In the 19th century a few deer were introduced to south-eastern Australia for sport. But the descendants of that original population have multiplied spectacularly in the last decade or so. Something like one million deer are currently chewing their way through Victoria.

They eat and trample a wide range of vegetation; snap off shrubs and young saplings; ring-bark trees by ‘antler rubbing’; and make large wallows in wet areas. In many places where volunteers have worked for decades revegetating stream-sides and linking landscape corridors, that work is now trashed.

Our main invaders are sambar deer, which dominate in the east of the state but also now turn up along the Murray, the Otways and in the Prom. Largely a tropical animal in their native habitat in India and parts of Asia, sambar will inevitably spread throughout northern Australia if they are not controlled here. Easily increasing their population by around 40 per cent a year, sambar are as damaging as cane toads or red fire ants, and warrant at least the same level of attention.

Other deer in Victoria include red (mainly in the Grampians), hog (the Prom and east coast), fallow (farm escapes in many places), chital and rusa.

Around 60 native plants are now significantly threatened by deer, and more than a dozen state or federally listed vegetation communities are being brought close to the brink.

Growing deer populations are also causing havoc on our roads.

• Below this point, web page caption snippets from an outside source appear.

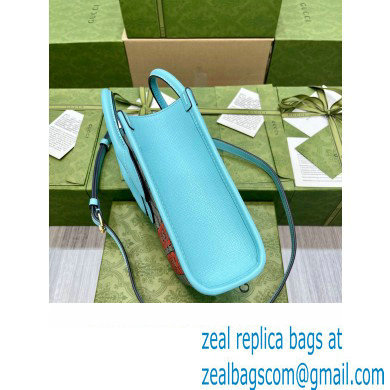 Gucci Tiger GG Mini Tote Bag 671623 Blue 2022
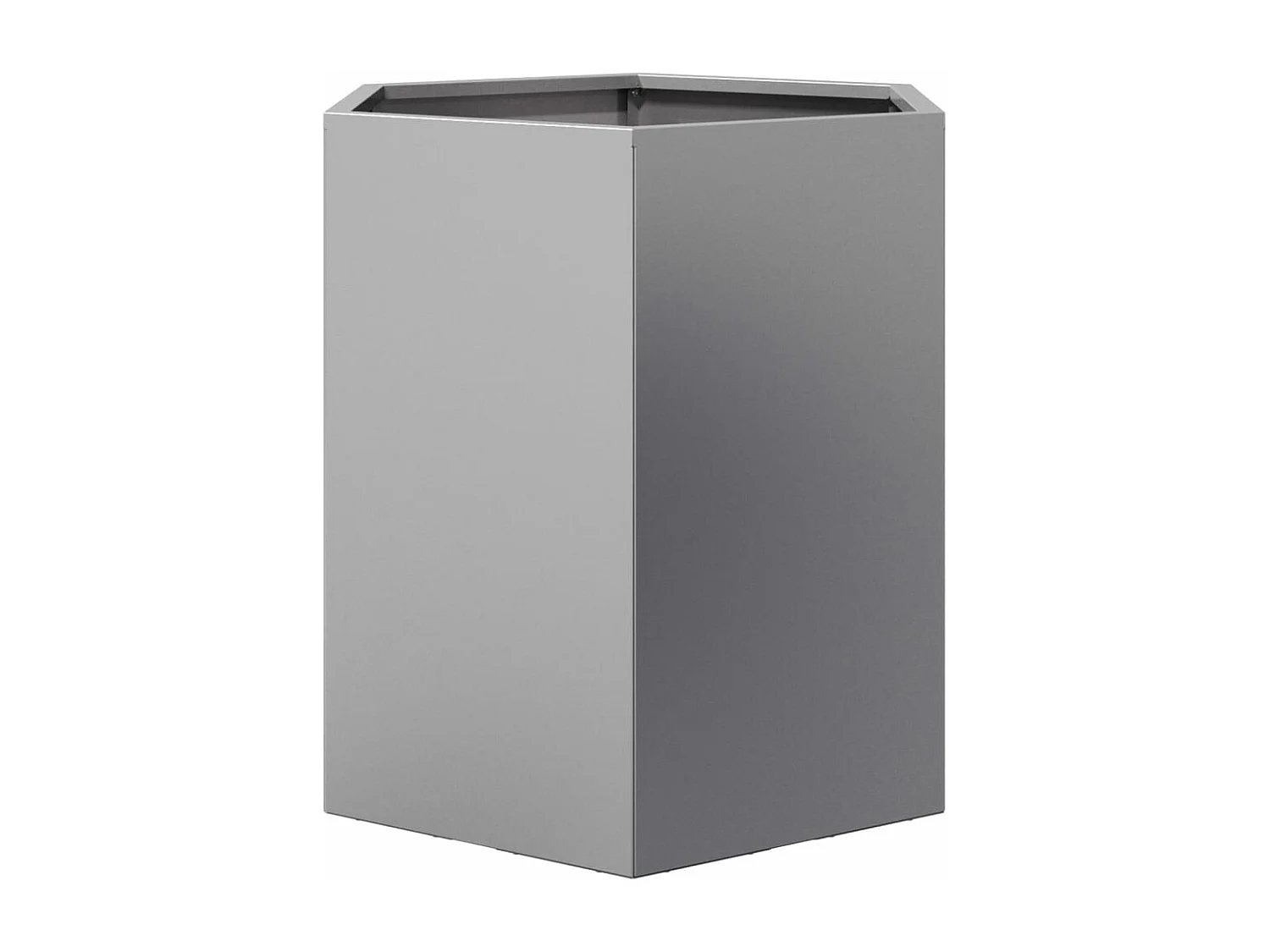 Jardinières 2 pcs hexagone 46x40x45 cm acier galvanisé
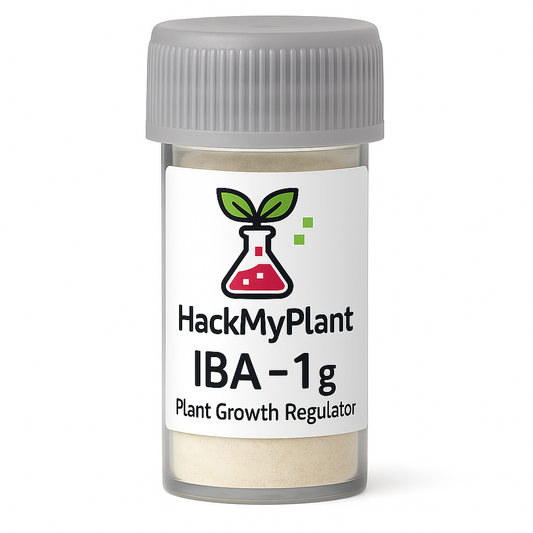 Lab-grade IBA, NAA and 6-BA powders in 1 g vials for DIY plant tissue culture. Ideal for home labs, cloning experiments and advanced propagation.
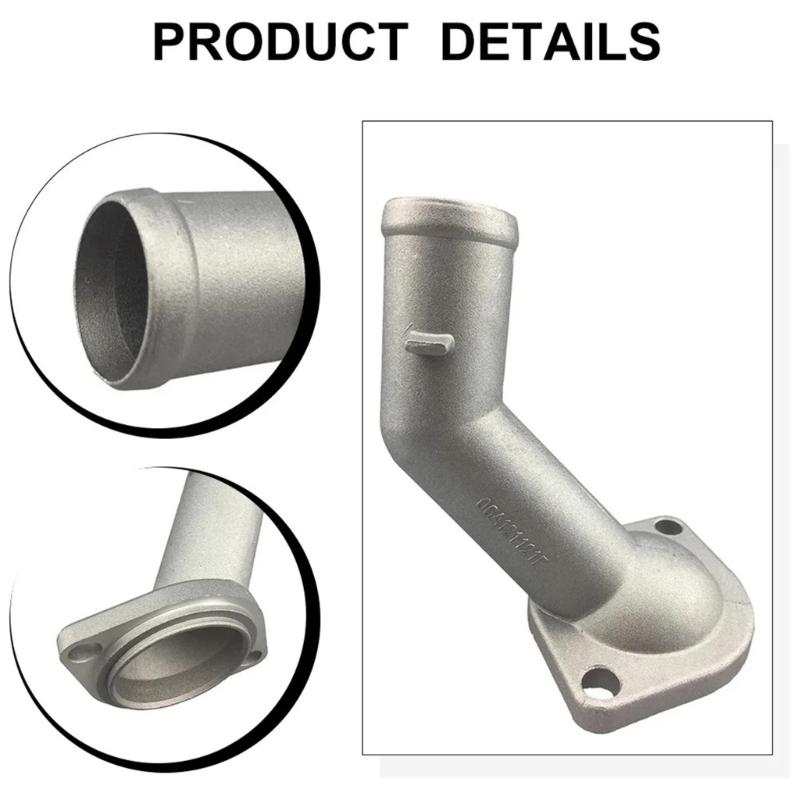 High Performances Aluminum Coolant Hose Fitting Replaces 06A121121F for Golf Efficient Heat Dissipation & Long Lasting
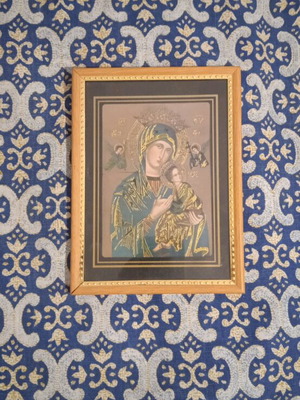 Religious icon slightly used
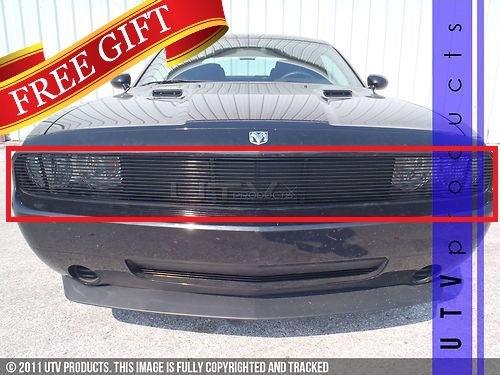 2008 2009 2010 dodge challenger phantom upper 1pc billet grille black new 09 10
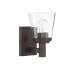 RIELLA 1LT MB VANITY WITH CLEAR SEEDED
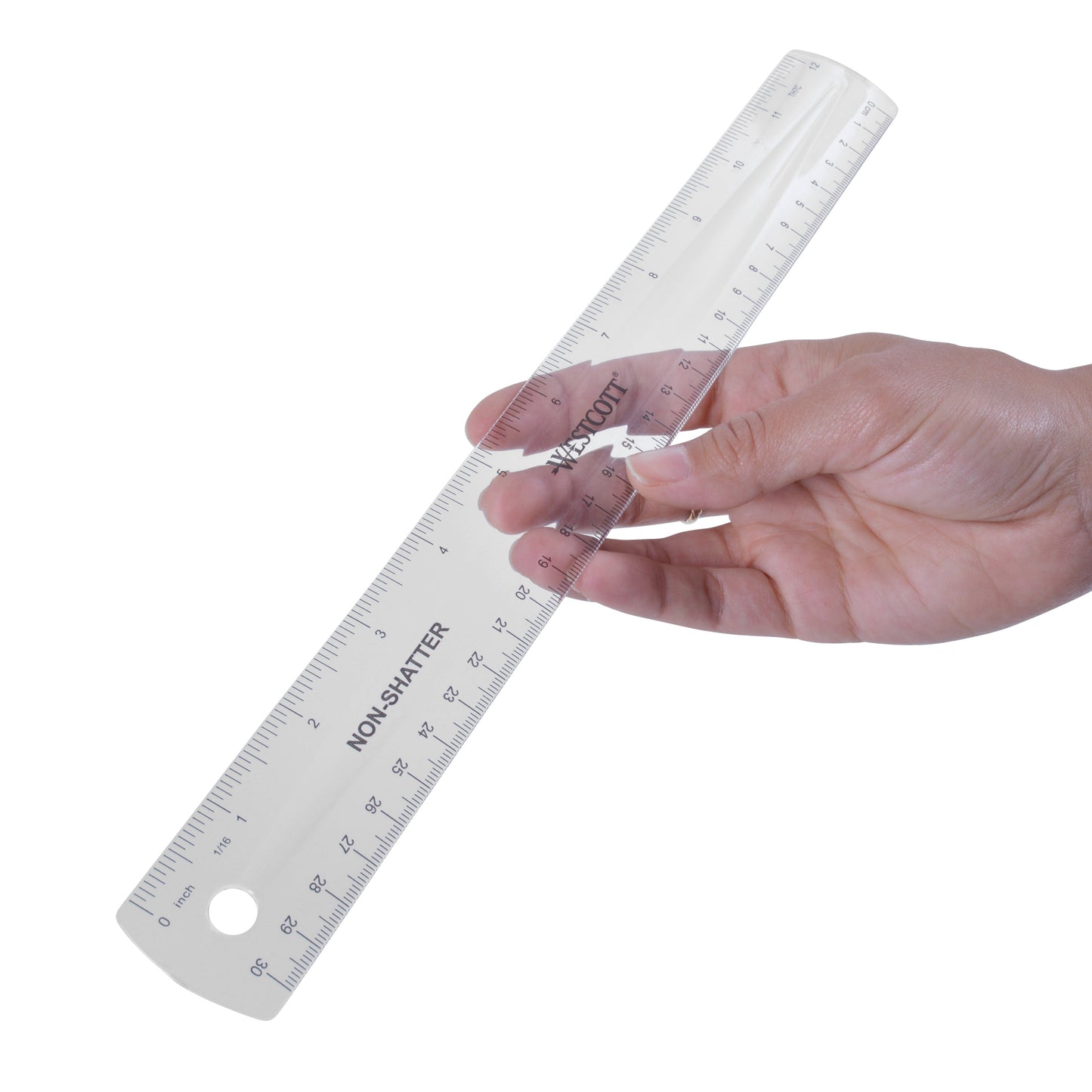 Westcott Shatterproof Ruler Clear 12 Inches,(13862) - World’s Favorite Scissors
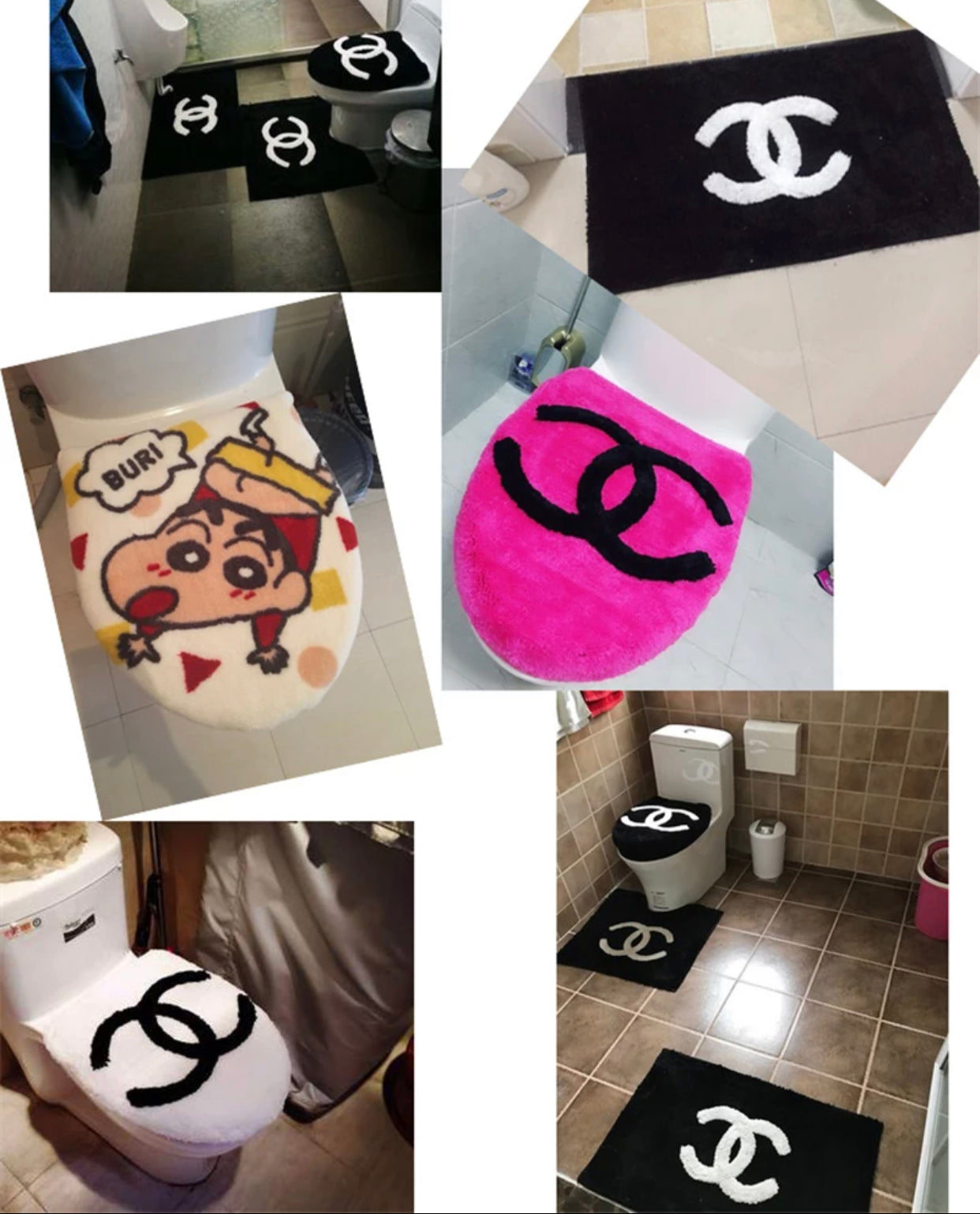 Juegos de alfombras de baño CC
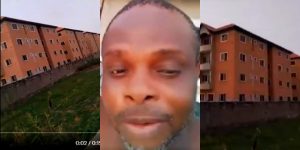 Man exposes abandoned block of flats in his area, allegedly owned by a politician
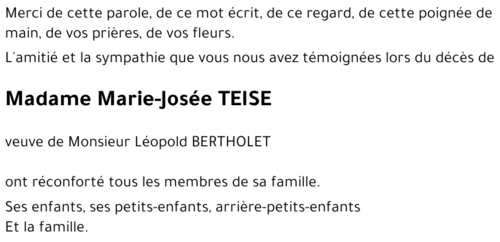 Marie-Josée TEISE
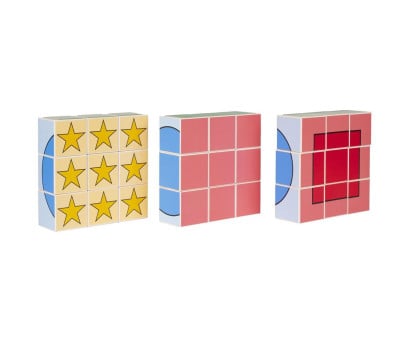 Puzzle Magnético ClickyBlox Formas 27 Cubos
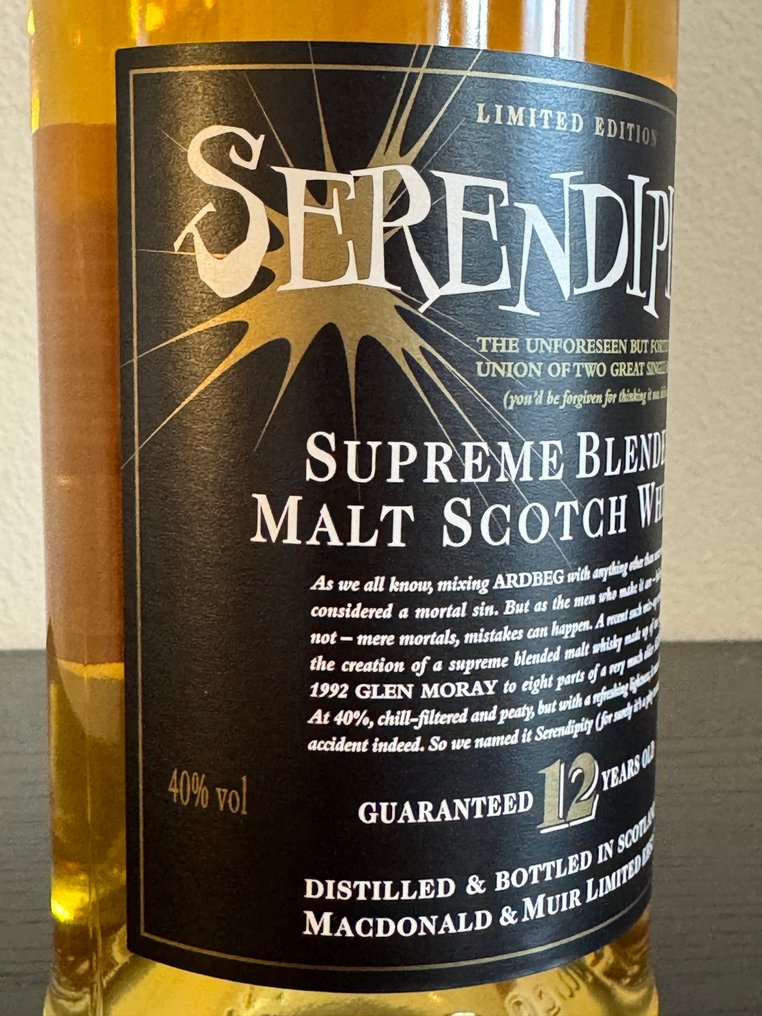 Serendipity 12 years old - Ardbeg & Glen Moray - b. 2005 - 70cl #2.1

What solutions are currently on offer?

The deer hunters’ solution is to increase the area hunters can operate in. It’s an apparently compelling argument, given that the latest estimate from the Game Management Authority has 35,000 hunters taking about 100,000 deer a year from the 8.5 million hectares of public land they currently have at their disposal.

But the deer population keeps growing, partly because we’ve reached a point where population increases far exceed any huntable amount, and partly because amateur hunting is unstrategic, randomly reducing deer numbers in easily accessible areas, and pushing them into new areas.

Parks Victoria currently runs a number of trials with ‘accredited amateurs’, who volunteer to work strategically under the guidance of park managers. These programs are good, but limited in extent. They result in very small deer reduction numbers.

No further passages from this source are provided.